» **Exercise aim**
Once the line with "How Repurposing Content" is found in the entries below, print it and each following line exactly, stopping after the line with "Türk Hava Yolları, 220"; print nothing else.

(Records from a collection)
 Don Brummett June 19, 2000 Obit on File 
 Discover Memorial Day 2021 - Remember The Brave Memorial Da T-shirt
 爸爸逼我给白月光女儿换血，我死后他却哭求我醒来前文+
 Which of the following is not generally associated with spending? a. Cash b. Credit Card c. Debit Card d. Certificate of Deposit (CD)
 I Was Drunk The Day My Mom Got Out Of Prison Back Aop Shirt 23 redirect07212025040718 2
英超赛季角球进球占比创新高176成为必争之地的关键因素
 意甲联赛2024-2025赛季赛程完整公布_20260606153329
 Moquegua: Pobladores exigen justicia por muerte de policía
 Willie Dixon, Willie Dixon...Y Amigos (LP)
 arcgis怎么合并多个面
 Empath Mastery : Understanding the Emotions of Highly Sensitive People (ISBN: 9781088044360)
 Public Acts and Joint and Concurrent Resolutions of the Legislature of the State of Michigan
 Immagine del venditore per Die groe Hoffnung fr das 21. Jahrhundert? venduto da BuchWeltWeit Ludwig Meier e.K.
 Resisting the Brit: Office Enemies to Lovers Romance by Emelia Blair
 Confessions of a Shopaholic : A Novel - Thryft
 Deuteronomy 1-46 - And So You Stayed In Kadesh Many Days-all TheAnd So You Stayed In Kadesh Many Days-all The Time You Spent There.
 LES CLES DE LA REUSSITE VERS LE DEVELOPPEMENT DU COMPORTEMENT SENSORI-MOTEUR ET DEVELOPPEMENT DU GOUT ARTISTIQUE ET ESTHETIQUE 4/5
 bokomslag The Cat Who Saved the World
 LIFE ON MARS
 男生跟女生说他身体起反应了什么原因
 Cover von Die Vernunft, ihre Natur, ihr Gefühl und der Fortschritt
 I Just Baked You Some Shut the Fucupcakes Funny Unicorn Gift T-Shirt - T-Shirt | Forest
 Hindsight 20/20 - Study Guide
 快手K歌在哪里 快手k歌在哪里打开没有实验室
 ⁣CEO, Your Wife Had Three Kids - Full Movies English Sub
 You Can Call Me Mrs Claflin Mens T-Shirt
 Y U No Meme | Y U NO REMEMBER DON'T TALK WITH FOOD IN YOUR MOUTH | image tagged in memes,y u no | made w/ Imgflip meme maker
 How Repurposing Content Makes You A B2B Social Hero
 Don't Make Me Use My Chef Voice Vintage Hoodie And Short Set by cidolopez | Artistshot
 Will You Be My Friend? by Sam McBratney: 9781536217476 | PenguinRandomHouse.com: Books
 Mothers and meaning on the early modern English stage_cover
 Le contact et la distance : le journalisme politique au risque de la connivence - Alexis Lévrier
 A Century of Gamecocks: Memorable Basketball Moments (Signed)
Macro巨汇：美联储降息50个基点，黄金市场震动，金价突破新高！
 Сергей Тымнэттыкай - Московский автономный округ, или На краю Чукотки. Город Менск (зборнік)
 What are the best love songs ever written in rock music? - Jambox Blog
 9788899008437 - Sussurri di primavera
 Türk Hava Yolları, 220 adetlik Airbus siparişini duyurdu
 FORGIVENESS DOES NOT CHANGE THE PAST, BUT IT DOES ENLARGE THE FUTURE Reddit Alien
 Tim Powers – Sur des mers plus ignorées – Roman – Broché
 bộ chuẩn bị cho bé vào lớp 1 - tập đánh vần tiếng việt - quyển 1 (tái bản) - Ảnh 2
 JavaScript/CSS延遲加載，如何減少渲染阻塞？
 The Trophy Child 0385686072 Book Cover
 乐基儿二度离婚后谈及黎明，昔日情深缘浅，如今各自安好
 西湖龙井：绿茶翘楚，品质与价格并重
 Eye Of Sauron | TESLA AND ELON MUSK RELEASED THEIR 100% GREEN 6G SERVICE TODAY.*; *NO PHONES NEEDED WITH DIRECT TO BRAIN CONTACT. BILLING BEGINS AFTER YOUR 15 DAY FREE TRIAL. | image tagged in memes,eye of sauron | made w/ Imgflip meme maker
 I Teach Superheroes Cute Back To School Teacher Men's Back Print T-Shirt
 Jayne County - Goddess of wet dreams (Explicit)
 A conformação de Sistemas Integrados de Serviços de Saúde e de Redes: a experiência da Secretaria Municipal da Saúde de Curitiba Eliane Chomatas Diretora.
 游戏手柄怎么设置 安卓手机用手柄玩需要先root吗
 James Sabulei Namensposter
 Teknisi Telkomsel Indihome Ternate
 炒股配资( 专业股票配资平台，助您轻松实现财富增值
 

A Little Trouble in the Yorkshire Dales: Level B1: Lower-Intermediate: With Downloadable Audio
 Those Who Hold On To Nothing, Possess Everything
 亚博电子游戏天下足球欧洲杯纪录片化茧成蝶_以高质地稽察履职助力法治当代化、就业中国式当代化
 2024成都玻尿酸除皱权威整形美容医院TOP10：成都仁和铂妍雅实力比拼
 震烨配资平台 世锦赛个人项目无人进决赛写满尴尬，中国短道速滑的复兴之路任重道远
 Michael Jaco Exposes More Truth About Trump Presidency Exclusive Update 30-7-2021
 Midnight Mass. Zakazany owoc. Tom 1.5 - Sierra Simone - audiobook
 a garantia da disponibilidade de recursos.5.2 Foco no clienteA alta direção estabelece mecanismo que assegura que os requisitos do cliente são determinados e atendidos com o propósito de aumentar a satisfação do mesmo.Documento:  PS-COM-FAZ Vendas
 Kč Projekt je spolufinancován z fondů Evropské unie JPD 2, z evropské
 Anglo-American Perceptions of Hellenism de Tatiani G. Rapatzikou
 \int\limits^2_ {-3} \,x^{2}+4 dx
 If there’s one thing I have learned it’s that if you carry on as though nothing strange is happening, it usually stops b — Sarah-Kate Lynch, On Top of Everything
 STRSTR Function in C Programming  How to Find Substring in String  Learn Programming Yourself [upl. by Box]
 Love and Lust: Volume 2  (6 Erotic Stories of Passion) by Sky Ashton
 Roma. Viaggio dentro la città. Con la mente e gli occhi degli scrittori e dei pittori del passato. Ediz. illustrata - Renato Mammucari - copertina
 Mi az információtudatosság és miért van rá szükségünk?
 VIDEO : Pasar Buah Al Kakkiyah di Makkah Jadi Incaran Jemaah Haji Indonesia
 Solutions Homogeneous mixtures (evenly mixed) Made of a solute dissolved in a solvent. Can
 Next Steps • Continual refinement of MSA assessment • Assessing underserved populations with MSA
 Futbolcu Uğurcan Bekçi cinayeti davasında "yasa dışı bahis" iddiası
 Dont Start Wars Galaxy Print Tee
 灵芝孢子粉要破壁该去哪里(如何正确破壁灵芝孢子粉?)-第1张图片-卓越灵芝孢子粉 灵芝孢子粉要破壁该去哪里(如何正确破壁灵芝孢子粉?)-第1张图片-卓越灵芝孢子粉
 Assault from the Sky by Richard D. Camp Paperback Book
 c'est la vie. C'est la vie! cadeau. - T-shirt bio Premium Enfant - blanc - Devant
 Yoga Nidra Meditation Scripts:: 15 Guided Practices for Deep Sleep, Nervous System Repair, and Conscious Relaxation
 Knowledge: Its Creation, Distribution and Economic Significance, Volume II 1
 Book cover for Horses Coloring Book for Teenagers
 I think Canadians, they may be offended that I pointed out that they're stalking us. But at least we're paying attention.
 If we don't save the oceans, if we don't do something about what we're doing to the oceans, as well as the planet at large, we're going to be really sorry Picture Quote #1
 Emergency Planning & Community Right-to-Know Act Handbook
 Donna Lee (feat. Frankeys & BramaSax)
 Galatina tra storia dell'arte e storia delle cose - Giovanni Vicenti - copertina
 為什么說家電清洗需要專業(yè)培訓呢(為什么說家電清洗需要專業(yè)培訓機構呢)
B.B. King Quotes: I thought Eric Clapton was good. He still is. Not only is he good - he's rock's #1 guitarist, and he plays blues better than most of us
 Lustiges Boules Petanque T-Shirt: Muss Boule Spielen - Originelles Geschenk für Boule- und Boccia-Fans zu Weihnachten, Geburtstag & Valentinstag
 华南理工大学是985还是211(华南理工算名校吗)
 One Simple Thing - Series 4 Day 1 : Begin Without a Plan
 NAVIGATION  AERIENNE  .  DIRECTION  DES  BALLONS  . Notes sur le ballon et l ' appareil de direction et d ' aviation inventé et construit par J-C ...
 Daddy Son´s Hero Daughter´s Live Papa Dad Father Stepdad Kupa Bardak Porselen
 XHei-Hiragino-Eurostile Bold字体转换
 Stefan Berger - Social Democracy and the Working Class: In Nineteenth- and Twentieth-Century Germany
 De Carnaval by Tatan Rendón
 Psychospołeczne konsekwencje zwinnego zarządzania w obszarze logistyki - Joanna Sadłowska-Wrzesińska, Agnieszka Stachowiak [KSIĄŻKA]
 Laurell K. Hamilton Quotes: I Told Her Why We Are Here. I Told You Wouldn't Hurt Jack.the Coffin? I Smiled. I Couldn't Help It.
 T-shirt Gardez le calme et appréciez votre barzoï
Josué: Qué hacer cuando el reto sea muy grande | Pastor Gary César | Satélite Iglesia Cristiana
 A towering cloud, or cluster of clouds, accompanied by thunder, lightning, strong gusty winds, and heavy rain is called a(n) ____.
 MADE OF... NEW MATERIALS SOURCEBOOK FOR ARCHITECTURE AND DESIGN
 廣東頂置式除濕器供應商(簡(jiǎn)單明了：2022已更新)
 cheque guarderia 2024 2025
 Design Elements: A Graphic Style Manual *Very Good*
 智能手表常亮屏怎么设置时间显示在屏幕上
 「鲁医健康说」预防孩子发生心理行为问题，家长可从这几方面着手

» **Solved problem**
 How Repurposing Content Makes You A B2B Social Hero
 Don't Make Me Use My Chef Voice Vintage Hoodie And Short Set by cidolopez | Artistshot
 Will You Be My Friend? by Sam McBratney: 9781536217476 | PenguinRandomHouse.com: Books
 Mothers and meaning on the early modern English stage_cover
 Le contact et la distance : le journalisme politique au risque de la connivence - Alexis Lévrier
 A Century of Gamecocks: Memorable Basketball Moments (Signed)
Macro巨汇：美联储降息50个基点，黄金市场震动，金价突破新高！
 Сергей Тымнэттыкай - Московский автономный округ, или На краю Чукотки. Город Менск (зборнік)
 What are the best love songs ever written in rock music? - Jambox Blog
 9788899008437 - Sussurri di primavera
 Türk Hava Yolları, 220 adetlik Airbus siparişini duyurdu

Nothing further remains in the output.